Take the data from its first line. Print each line exactly until the line containing "Generador portátil 0.8" has been printed too.
======== Data records
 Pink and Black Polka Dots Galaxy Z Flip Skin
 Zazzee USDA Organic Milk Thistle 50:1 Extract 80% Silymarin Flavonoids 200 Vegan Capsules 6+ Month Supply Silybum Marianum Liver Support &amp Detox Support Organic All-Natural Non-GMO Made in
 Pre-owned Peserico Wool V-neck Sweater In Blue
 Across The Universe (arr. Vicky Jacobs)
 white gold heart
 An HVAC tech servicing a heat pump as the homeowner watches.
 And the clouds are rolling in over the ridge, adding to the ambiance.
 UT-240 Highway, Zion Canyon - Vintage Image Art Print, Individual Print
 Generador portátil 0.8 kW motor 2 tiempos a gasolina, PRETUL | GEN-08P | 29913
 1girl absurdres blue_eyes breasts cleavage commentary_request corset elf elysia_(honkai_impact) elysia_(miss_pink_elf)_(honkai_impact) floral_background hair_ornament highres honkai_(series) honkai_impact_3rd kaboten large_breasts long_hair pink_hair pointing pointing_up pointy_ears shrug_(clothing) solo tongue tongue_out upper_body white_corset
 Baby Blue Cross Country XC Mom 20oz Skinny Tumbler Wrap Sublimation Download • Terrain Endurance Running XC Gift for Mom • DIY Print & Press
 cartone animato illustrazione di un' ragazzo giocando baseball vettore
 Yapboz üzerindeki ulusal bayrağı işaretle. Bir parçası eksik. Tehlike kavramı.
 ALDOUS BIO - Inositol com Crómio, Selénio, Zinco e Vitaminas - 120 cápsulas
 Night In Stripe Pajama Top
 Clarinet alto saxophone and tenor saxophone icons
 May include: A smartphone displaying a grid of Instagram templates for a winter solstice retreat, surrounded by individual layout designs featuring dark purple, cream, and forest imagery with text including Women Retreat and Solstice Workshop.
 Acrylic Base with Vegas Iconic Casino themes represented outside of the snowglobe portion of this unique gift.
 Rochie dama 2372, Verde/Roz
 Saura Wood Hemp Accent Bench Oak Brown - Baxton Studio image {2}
================
* Your solution:
 Pink and Black Polka Dots Galaxy Z Flip Skin
 Zazzee USDA Organic Milk Thistle 50:1 Extract 80% Silymarin Flavonoids 200 Vegan Capsules 6+ Month Supply Silybum Marianum Liver Support &amp Detox Support Organic All-Natural Non-GMO Made in
 Pre-owned Peserico Wool V-neck Sweater In Blue
 Across The Universe (arr. Vicky Jacobs)
 white gold heart
 An HVAC tech servicing a heat pump as the homeowner watches.
 And the clouds are rolling in over the ridge, adding to the ambiance.
 UT-240 Highway, Zion Canyon - Vintage Image Art Print, Individual Print
 Generador portátil 0.8 kW motor 2 tiempos a gasolina, PRETUL | GEN-08P | 29913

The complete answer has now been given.